» **Directions for this task**
Leave every picture out and print exactly the lines that run from the one containing "this 845×633 image." to the end of the listing.

Available data START

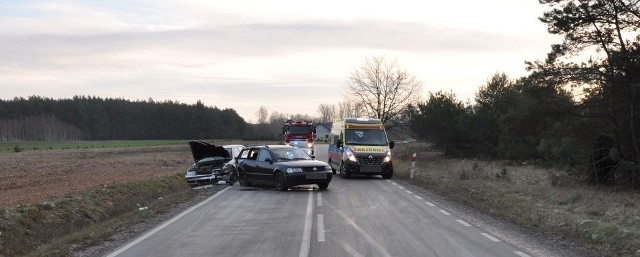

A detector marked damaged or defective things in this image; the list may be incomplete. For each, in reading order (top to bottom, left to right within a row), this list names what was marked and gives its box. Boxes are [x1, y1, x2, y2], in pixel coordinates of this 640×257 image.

damaged black volkswagen passat [188, 140, 245, 186]
damaged black volkswagen passat [236, 144, 336, 190]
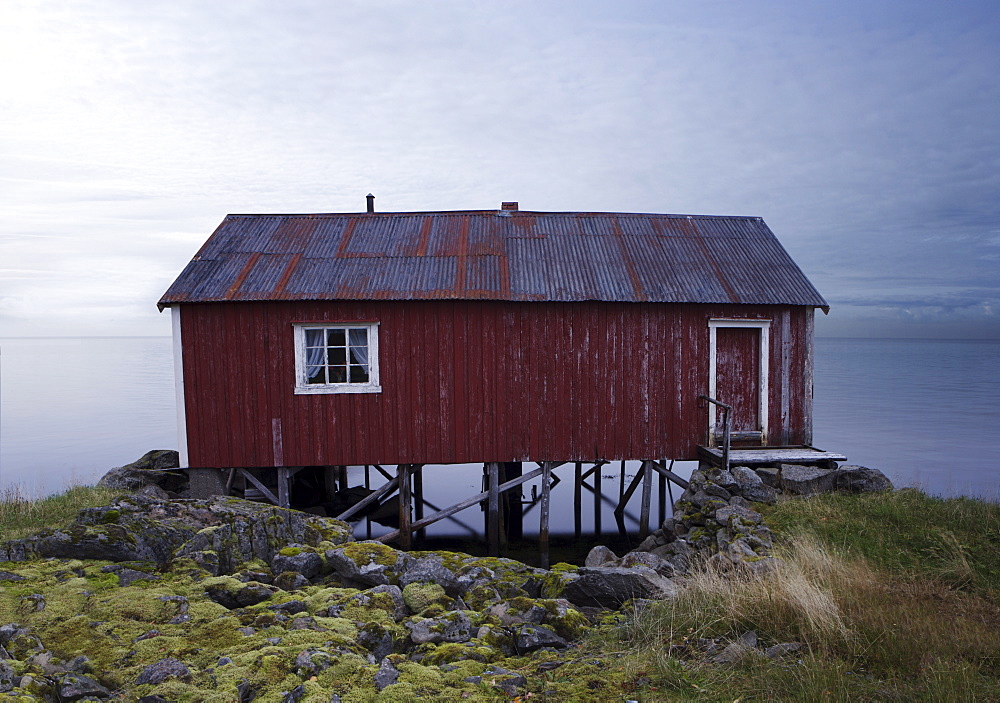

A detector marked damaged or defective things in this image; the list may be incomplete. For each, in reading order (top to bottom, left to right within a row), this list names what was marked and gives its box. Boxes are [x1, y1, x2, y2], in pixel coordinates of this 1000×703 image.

rusty roof panel [158, 209, 828, 308]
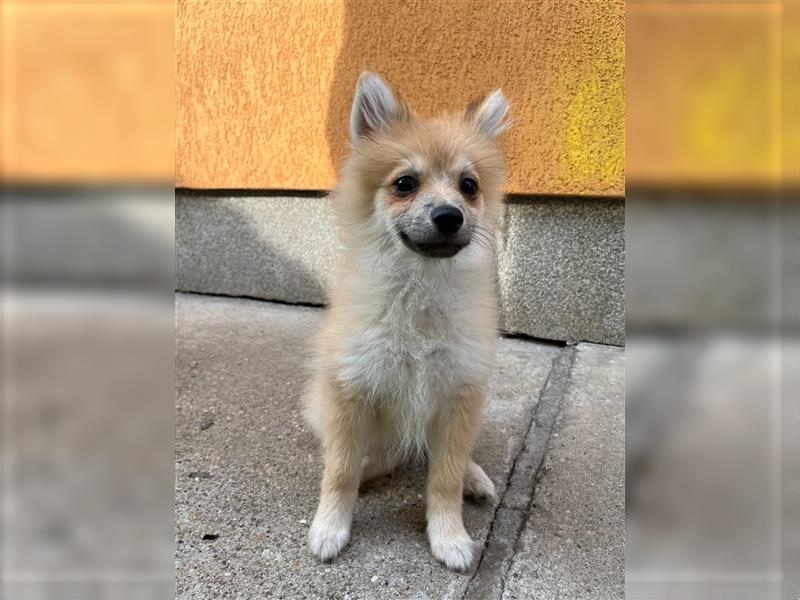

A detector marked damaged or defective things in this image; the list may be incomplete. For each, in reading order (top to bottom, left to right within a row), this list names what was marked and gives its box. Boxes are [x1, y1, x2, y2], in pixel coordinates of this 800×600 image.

crack in pavement [460, 344, 580, 596]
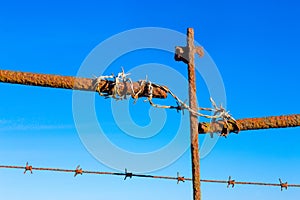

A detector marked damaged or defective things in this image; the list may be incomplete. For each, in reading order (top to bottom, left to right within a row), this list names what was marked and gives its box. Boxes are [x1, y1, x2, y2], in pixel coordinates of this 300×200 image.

rusted metal surface [0, 69, 168, 98]
rust texture [0, 69, 168, 99]
thick rusty wire [0, 69, 168, 99]
rusted metal surface [176, 27, 202, 200]
rust texture [176, 27, 202, 200]
rusty metal post [175, 28, 203, 200]
rust texture [199, 114, 300, 134]
rusted metal surface [199, 114, 300, 134]
thick rusty wire [199, 114, 300, 134]
thick rusty wire [1, 164, 298, 191]
rust texture [0, 165, 300, 190]
rusted metal surface [0, 165, 300, 190]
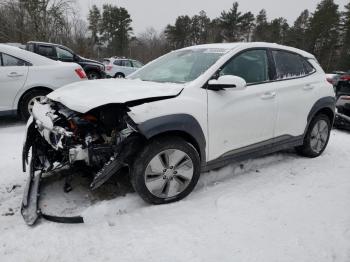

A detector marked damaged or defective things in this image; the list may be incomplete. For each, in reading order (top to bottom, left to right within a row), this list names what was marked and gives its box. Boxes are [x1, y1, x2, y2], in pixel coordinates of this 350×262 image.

crumpled front end [21, 99, 144, 225]
damaged white hyundai kona [22, 42, 336, 224]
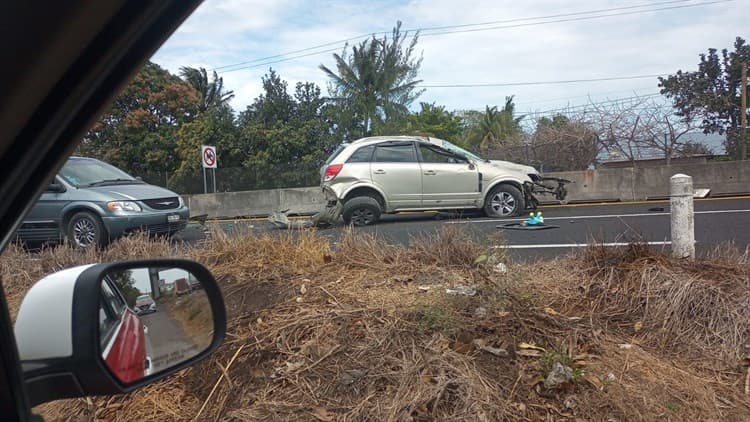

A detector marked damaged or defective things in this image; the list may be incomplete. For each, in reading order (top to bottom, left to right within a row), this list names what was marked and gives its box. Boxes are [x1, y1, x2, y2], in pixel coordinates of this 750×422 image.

crumpled hood [83, 183, 181, 201]
damaged silver suv [318, 137, 568, 226]
crumpled hood [488, 160, 540, 176]
suv front bumper damage [524, 175, 572, 209]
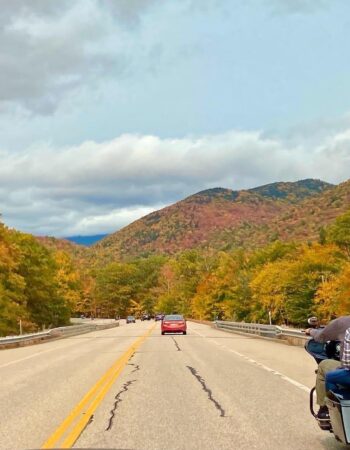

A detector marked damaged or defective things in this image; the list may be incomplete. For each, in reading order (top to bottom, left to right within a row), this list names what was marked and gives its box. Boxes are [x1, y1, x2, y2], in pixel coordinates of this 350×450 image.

crack in asphalt [104, 380, 136, 432]
crack in asphalt [187, 366, 226, 418]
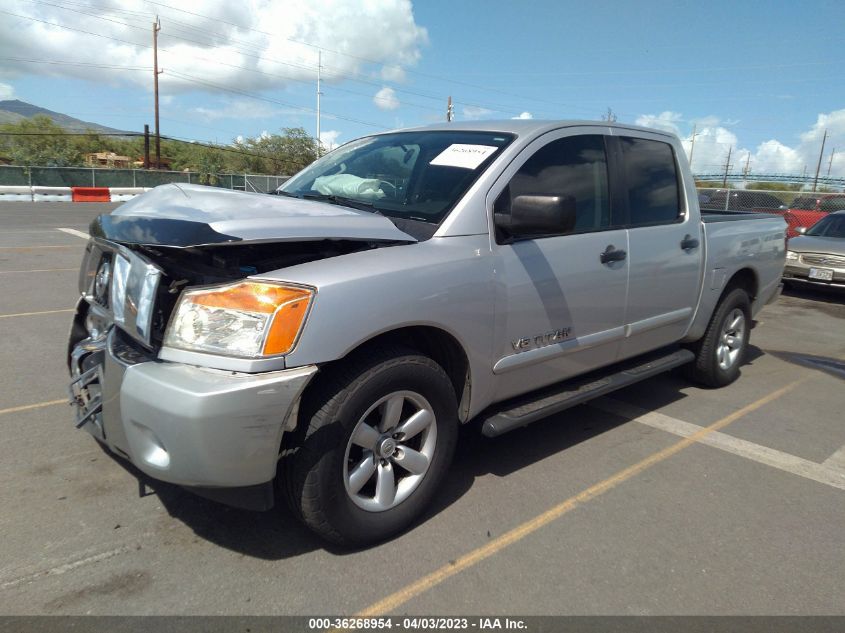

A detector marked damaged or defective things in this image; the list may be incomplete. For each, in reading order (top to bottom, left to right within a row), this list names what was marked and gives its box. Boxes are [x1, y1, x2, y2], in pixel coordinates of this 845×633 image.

crumpled hood [90, 183, 416, 247]
damaged front bumper [69, 298, 316, 512]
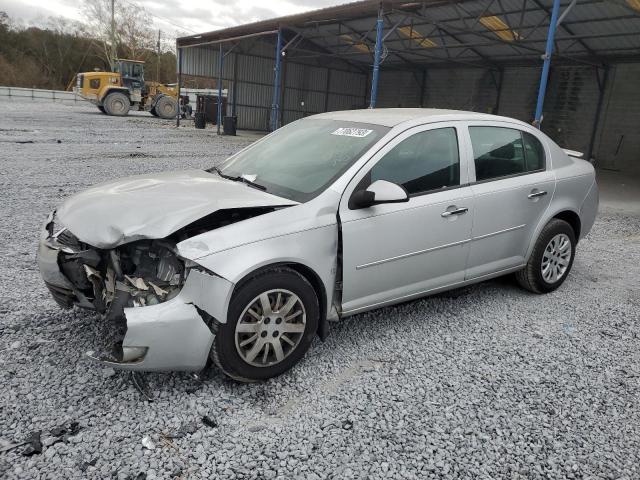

Available data END

» **Reply**
A detector marked damaged or defective things in this image; the list may be incomplete. For each, in reading order (top to bottom, left to right within a row), this list names what was marked and gives its box. Boxes are [x1, y1, x2, y2], in pixel coordinates of this 845×633 image.

crumpled hood [90, 183, 416, 247]
damaged front bumper [69, 298, 316, 512]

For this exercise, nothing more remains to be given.